**What the exercise asks**: Only the lines from the one containing "WAMM 790 AM, Mount Jackson, VA" through the end of the material are to be echoed, each exactly as it appears.

**Extracted records**:
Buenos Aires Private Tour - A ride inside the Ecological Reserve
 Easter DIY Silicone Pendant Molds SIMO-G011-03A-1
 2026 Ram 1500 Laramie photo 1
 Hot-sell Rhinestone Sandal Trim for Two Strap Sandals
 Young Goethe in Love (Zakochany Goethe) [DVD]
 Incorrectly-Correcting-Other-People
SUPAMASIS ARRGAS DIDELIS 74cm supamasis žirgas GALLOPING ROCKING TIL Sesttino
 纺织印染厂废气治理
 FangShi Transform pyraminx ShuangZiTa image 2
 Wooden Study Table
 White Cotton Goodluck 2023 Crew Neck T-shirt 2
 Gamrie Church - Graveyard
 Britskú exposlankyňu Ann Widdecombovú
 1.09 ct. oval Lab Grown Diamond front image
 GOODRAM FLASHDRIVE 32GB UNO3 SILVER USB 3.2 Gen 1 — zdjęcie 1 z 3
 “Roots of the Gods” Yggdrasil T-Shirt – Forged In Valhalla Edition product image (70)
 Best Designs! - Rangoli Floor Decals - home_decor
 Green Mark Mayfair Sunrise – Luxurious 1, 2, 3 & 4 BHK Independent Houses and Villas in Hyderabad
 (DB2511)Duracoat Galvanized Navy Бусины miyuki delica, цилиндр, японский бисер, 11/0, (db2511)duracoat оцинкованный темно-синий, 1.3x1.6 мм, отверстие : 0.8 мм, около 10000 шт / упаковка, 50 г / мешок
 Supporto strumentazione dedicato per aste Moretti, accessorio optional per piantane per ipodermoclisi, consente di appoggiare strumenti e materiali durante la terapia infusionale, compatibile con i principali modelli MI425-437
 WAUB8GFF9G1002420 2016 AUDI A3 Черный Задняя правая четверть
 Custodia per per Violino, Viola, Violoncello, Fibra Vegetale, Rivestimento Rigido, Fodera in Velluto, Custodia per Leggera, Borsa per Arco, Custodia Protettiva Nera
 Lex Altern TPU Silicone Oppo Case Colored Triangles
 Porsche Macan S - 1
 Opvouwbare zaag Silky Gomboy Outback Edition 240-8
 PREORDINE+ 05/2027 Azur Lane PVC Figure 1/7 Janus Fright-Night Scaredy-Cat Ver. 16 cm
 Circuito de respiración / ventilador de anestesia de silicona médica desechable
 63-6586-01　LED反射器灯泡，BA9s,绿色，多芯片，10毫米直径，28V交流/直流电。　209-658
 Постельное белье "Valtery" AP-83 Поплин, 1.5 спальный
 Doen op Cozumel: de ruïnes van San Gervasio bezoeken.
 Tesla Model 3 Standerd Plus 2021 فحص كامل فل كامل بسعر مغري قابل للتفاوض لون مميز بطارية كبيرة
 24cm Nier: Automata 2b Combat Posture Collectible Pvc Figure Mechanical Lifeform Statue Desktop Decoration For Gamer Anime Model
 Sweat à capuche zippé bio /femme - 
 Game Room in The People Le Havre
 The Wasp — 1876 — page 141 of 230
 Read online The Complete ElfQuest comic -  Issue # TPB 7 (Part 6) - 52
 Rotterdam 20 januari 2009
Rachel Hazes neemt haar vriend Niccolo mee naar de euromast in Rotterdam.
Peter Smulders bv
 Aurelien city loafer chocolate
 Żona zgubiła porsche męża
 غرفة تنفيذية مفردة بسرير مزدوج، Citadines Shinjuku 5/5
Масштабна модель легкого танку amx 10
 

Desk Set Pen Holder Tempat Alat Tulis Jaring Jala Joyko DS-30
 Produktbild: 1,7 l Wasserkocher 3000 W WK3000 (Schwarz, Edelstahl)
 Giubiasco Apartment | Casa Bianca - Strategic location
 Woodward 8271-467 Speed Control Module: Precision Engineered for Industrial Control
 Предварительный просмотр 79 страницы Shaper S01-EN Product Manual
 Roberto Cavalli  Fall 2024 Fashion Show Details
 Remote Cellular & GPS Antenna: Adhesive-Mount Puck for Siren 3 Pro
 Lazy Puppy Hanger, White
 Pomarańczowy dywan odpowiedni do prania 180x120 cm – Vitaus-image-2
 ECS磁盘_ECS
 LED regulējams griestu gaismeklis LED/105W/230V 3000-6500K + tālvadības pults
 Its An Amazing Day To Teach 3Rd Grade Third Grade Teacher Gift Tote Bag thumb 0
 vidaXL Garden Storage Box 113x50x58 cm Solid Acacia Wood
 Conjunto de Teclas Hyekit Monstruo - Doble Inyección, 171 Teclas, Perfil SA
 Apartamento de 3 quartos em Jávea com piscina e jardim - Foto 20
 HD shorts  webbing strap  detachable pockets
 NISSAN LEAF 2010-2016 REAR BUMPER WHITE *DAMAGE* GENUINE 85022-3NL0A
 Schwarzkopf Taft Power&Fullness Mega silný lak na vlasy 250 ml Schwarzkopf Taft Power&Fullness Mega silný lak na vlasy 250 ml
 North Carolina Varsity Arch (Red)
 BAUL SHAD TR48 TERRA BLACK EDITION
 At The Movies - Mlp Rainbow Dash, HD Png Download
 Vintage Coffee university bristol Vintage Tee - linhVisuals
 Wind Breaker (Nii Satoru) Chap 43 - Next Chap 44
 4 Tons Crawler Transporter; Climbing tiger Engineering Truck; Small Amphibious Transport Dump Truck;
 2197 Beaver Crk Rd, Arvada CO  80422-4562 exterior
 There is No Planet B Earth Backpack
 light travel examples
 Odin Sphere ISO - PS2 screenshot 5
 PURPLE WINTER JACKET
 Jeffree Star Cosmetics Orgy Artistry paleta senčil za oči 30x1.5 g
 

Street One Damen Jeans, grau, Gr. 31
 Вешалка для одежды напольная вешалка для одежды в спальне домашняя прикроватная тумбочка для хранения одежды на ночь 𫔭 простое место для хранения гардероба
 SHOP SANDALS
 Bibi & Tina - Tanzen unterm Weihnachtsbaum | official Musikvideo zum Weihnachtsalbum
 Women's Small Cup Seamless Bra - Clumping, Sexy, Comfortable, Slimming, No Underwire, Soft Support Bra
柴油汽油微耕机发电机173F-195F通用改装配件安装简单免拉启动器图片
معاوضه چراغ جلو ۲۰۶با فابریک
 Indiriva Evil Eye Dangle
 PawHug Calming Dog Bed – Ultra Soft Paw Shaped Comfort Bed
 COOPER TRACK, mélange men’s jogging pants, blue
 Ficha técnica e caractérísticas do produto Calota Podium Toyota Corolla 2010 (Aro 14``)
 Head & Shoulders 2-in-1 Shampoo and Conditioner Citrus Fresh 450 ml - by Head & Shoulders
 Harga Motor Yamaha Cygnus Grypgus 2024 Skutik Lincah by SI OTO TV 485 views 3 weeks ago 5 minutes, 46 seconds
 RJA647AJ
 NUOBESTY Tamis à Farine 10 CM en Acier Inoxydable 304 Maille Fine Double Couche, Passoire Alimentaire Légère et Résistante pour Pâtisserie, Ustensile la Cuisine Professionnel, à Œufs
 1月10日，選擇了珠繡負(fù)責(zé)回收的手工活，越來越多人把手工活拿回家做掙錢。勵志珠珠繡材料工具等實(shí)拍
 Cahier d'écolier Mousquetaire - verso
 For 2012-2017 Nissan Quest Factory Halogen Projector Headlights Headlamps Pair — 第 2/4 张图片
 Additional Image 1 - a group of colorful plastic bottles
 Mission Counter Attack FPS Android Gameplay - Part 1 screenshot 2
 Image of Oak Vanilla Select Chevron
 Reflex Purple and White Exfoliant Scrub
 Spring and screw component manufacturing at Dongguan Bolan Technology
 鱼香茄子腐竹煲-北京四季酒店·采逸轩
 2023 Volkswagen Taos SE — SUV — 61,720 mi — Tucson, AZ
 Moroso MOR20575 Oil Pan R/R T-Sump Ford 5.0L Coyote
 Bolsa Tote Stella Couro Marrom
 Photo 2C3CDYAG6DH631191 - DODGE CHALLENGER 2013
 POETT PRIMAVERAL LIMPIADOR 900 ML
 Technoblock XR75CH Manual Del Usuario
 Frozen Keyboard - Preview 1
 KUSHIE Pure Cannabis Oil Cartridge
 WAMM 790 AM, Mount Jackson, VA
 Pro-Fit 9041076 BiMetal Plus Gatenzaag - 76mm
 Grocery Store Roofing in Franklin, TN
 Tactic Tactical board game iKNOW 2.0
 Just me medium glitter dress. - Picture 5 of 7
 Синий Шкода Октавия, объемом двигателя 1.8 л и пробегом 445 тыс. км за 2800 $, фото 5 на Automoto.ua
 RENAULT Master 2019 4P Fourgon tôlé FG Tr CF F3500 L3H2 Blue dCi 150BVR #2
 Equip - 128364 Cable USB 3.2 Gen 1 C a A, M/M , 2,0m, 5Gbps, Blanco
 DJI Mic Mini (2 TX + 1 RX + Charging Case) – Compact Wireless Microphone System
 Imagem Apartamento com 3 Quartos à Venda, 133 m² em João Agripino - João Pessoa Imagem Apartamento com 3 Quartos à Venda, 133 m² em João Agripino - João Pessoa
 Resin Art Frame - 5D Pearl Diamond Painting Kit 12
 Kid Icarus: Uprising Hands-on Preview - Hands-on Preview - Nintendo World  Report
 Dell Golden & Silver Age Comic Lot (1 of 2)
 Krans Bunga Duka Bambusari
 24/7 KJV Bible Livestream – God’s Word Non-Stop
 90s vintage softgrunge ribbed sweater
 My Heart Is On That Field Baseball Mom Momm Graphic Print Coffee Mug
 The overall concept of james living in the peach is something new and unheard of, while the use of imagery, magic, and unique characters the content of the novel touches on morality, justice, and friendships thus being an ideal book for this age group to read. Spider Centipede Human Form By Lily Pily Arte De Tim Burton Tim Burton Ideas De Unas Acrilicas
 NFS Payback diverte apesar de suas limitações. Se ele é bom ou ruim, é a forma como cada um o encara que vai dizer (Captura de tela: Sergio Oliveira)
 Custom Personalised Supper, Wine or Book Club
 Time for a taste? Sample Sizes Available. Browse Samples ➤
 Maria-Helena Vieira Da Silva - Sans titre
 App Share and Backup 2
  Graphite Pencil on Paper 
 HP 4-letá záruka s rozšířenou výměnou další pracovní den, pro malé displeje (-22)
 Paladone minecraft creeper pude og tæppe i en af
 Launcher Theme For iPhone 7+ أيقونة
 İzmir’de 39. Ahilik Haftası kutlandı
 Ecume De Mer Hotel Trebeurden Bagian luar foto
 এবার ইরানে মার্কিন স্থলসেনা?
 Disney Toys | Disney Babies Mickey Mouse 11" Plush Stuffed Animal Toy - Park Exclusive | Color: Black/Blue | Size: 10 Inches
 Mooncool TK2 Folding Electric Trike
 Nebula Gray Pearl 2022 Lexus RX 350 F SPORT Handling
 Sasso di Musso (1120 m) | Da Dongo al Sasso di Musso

**Task result**:
 WAMM 790 AM, Mount Jackson, VA
 Pro-Fit 9041076 BiMetal Plus Gatenzaag - 76mm
 Grocery Store Roofing in Franklin, TN
 Tactic Tactical board game iKNOW 2.0
 Just me medium glitter dress. - Picture 5 of 7
 Синий Шкода Октавия, объемом двигателя 1.8 л и пробегом 445 тыс. км за 2800 $, фото 5 на Automoto.ua
 RENAULT Master 2019 4P Fourgon tôlé FG Tr CF F3500 L3H2 Blue dCi 150BVR #2
 Equip - 128364 Cable USB 3.2 Gen 1 C a A, M/M , 2,0m, 5Gbps, Blanco
 DJI Mic Mini (2 TX + 1 RX + Charging Case) – Compact Wireless Microphone System
 Imagem Apartamento com 3 Quartos à Venda, 133 m² em João Agripino - João Pessoa Imagem Apartamento com 3 Quartos à Venda, 133 m² em João Agripino - João Pessoa
 Resin Art Frame - 5D Pearl Diamond Painting Kit 12
 Kid Icarus: Uprising Hands-on Preview - Hands-on Preview - Nintendo World  Report
 Dell Golden & Silver Age Comic Lot (1 of 2)
 Krans Bunga Duka Bambusari
 24/7 KJV Bible Livestream – God’s Word Non-Stop
 90s vintage softgrunge ribbed sweater
 My Heart Is On That Field Baseball Mom Momm Graphic Print Coffee Mug
 The overall concept of james living in the peach is something new and unheard of, while the use of imagery, magic, and unique characters the content of the novel touches on morality, justice, and friendships thus being an ideal book for this age group to read. Spider Centipede Human Form By Lily Pily Arte De Tim Burton Tim Burton Ideas De Unas Acrilicas
 NFS Payback diverte apesar de suas limitações. Se ele é bom ou ruim, é a forma como cada um o encara que vai dizer (Captura de tela: Sergio Oliveira)
 Custom Personalised Supper, Wine or Book Club
 Time for a taste? Sample Sizes Available. Browse Samples ➤
 Maria-Helena Vieira Da Silva - Sans titre
 App Share and Backup 2
  Graphite Pencil on Paper 
 HP 4-letá záruka s rozšířenou výměnou další pracovní den, pro malé displeje (-22)
 Paladone minecraft creeper pude og tæppe i en af
 Launcher Theme For iPhone 7+ أيقونة
 İzmir’de 39. Ahilik Haftası kutlandı
 Ecume De Mer Hotel Trebeurden Bagian luar foto
 এবার ইরানে মার্কিন স্থলসেনা?
 Disney Toys | Disney Babies Mickey Mouse 11" Plush Stuffed Animal Toy - Park Exclusive | Color: Black/Blue | Size: 10 Inches
 Mooncool TK2 Folding Electric Trike
 Nebula Gray Pearl 2022 Lexus RX 350 F SPORT Handling
 Sasso di Musso (1120 m) | Da Dongo al Sasso di Musso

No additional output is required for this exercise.